The park of the buried houses
Anavros Park redesign, Volos, Greece
design research
Kostas Manolidis, 2014
A new landscape scheme at the coast of Volos pays tribute to the painful memory of the earthquake and the destroyed houses that provided the new common ground of the park.
The earthquakes that struck Volos in the span of the years 1955-57 had limited victims but caused an irrecoverable blow at the city’s vitality by devastating its residential substructure. More than 60% of the city’s houses suffered severe damages and had to be demolished.
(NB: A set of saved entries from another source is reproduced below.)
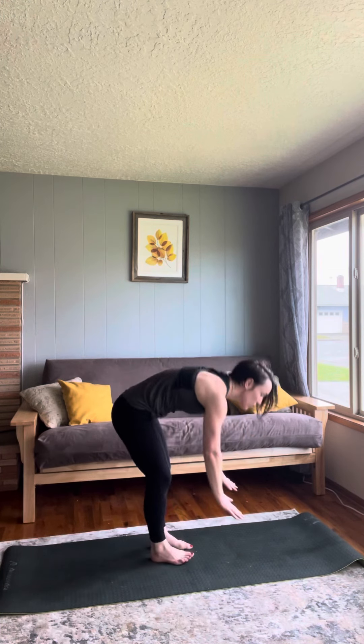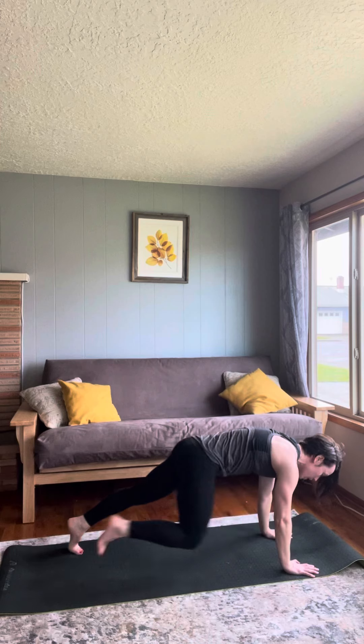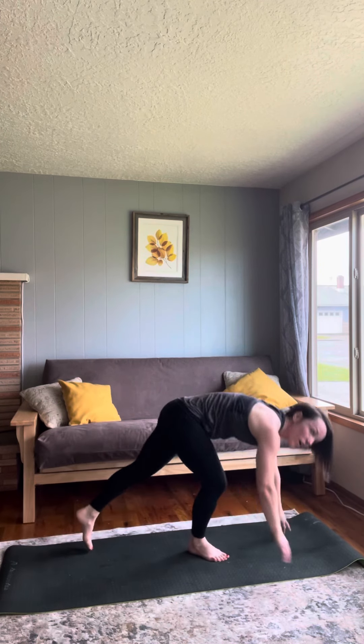You're going to count every repetition — that's one, two, three, just like that. Next movement is a mountain climber. You've got 50 of these. Every repetition counts: one, two, three, four, and so on.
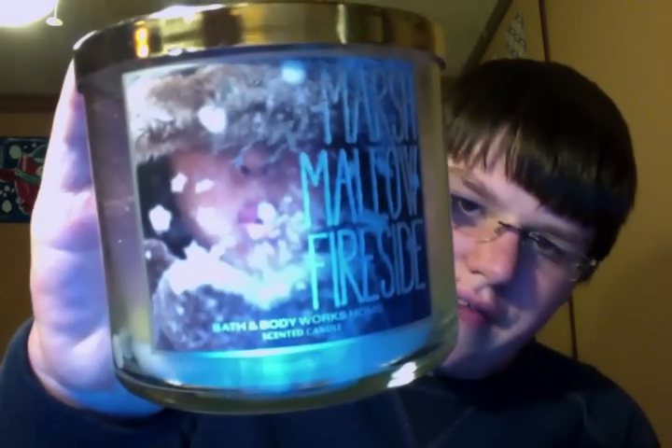I also finished a Marshmallow Fireside from the Christmas line — a sweet toasty end to a snowy, fun-filled day. Toasted marshmallows and sumptuous vanilla cream blend with a comforting aroma of rich, smoldering woods. Burned pretty clean. Amazing scent. Everybody knows what Marshmallow Fireside's like — just like a roasted marshmallow.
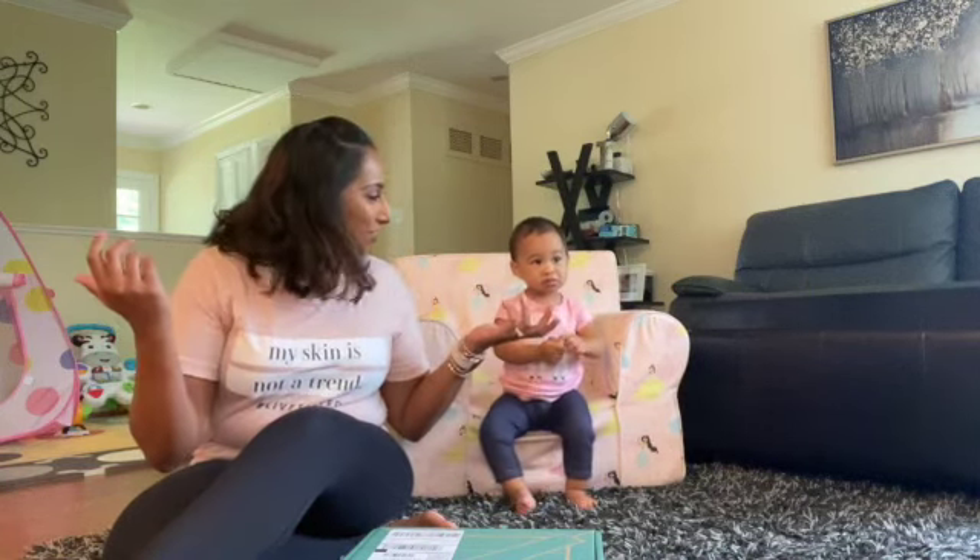Hi, this is Alicia and welcome back to my channel. Today, as you see, I'm in a different location.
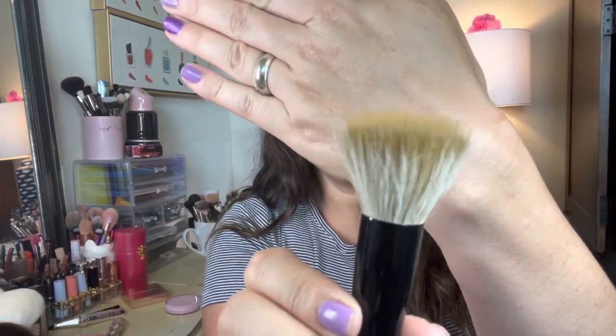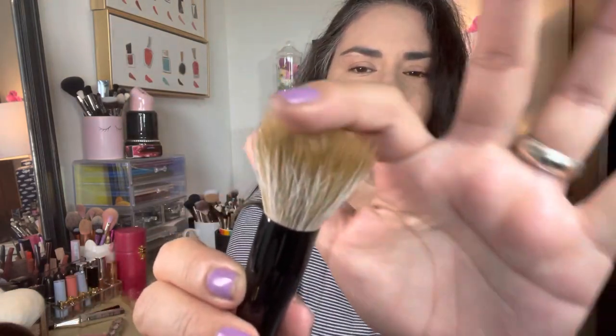Hi friends, thank you so much for joining me today for this video, which I'm super excited about. I'm going to be using my brand new Sonia G Sheer Buffer for the first time. I've already washed this brush. It has a sheer top layer made of synthetic bristles and then a base layer of natural goat hair.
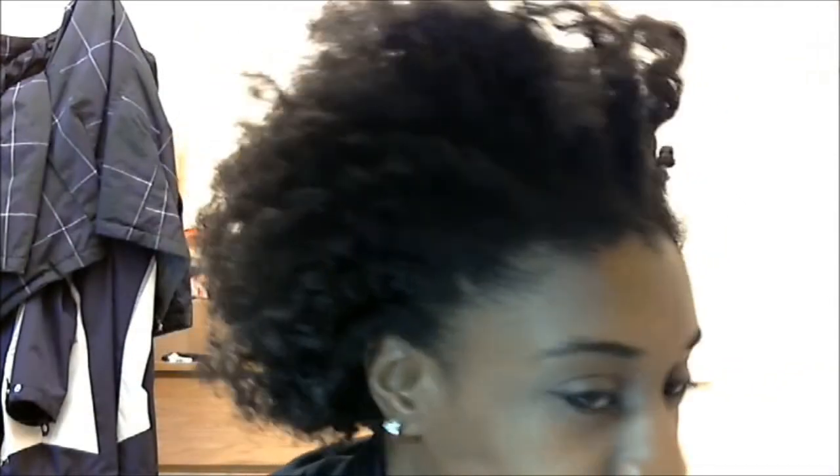I did try to unravel them as carefully as I could to keep the definition, but as you can see that really didn't work out too well. I plan on doing a twist-out puff anyway, but I said if it came out good enough when I unraveled the twists I would just leave the twist out as is — but as you can see, I cannot do that.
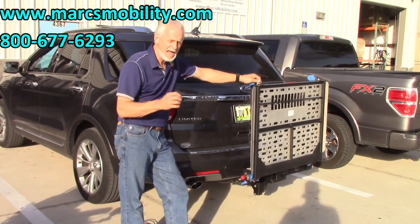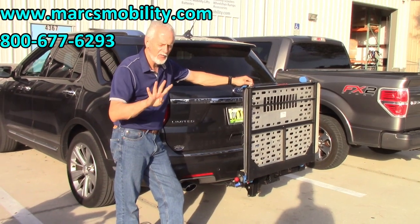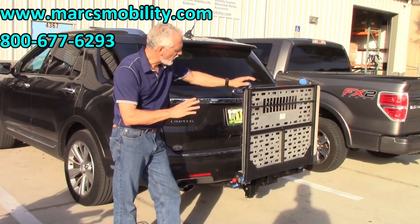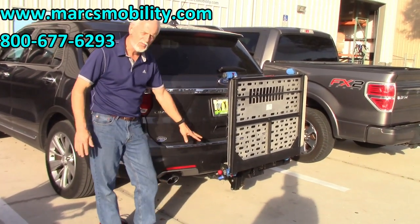This is the Harmar AL 500 HD. The HD stands for 400-pound lifting capability. This is a platform with four straps with the 400-pound lifting capability, and it does have the swing-away.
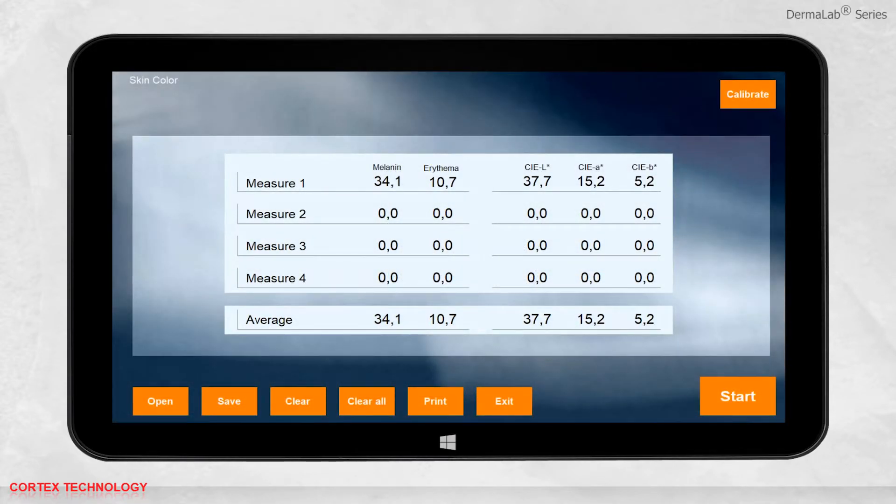After making a measurement, the results will be shown in the interface. The measurement is presented in erythema and melanin index as well as CIE lab color space, and you can change the name of the measurement.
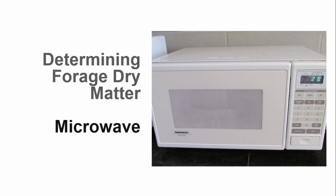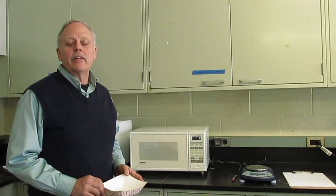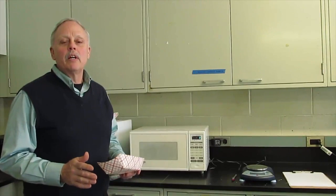We will demonstrate two methods, beginning with the microwave. The microwave is used to dry a sample, and the moisture content is calculated using the change in the sample weight before and after drying. Dr. Judd Heinrichs will walk you through the steps. Using a microwave for forage dry matter testing is a relatively simple thing to do on the farm and gives you a good, accurate value for dry matter.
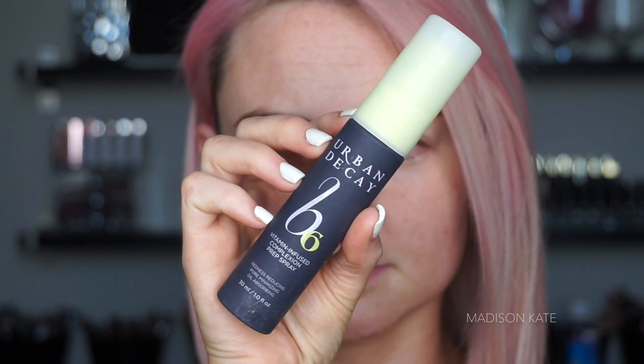If you haven't checked out my pastel pink hair tutorial yet, I will link it in the description box below. Every good makeup application begins with proper prep — after moisturizing my lips, I apply a complexion prep spray.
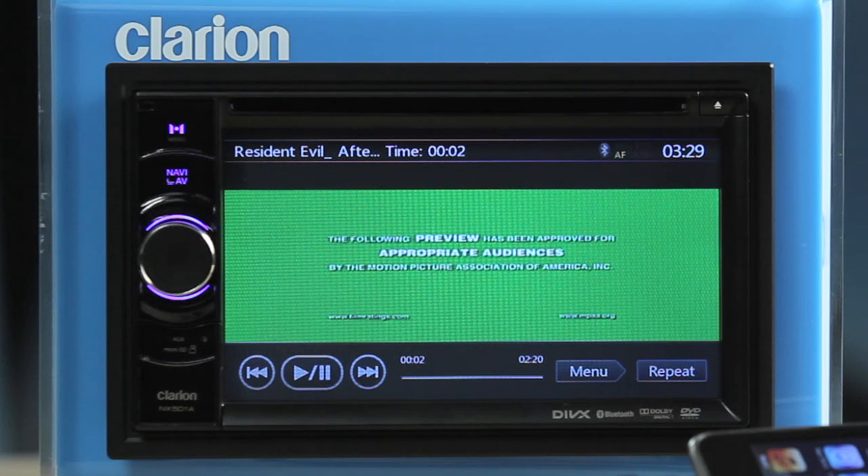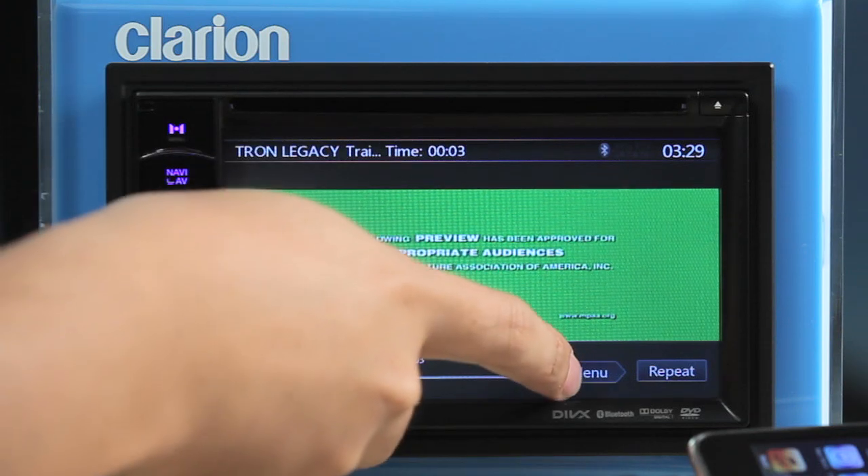The main menu will take you back to the video list mode screen where you can select another file. Touch the repeat button to repeat the video file.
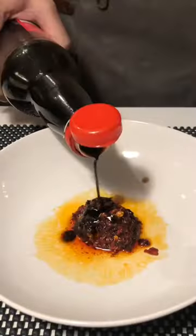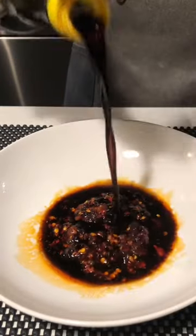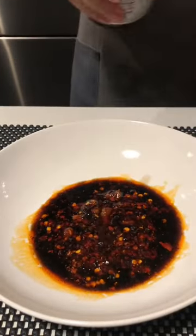To season: chili flake, black vinegar, soy sauce, fish sauce, a little bit of sesame oil, and roasted sesame seeds for texture.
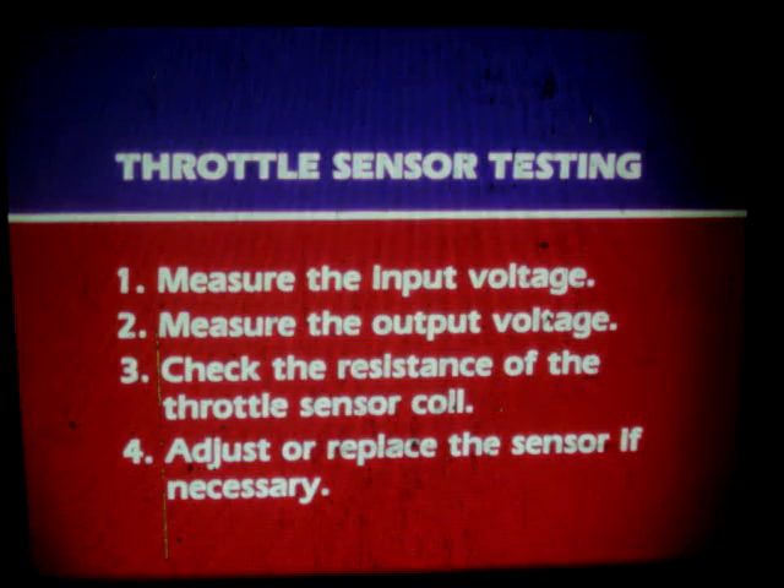Let's recap throttle sensor testing. First, measure the input voltage. Then measure the output voltage. After that, check the resistance of the throttle sensing coil. Finally, adjust or replace the sensor if necessary.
The resulting rubble discarded mainly at the sea extending thus significantly the shore of Anavros area. This new urban ground, produced by the earthquake debris, was eventually (in the 80s) designated as the major seaside park of Volos.
In the present form of the park, there is no indication of the past disaster. Nothing commemorates the remnants of thousands households that are buried under the Anavros park. However, a necessary remodeling of the park could be conceived through this fact, establishing so a link with city’s old trauma. This proposal is testing the potential of such a possibility.
Two imaginary scenes inform the proposal and become the recurring themes in a new layout of the park:
1. A complex of houses completely torn down and left as a flat residue of exposed floors paved with the local colorful cement tiles.
2. The linear movement of trucks and bulldozers pushing the broken masonry of the demolished buildings into the sea.
The new park will signify a retroactive farewell gesture to the lost heritage of the city, a late mourning for the buried houses of Volos.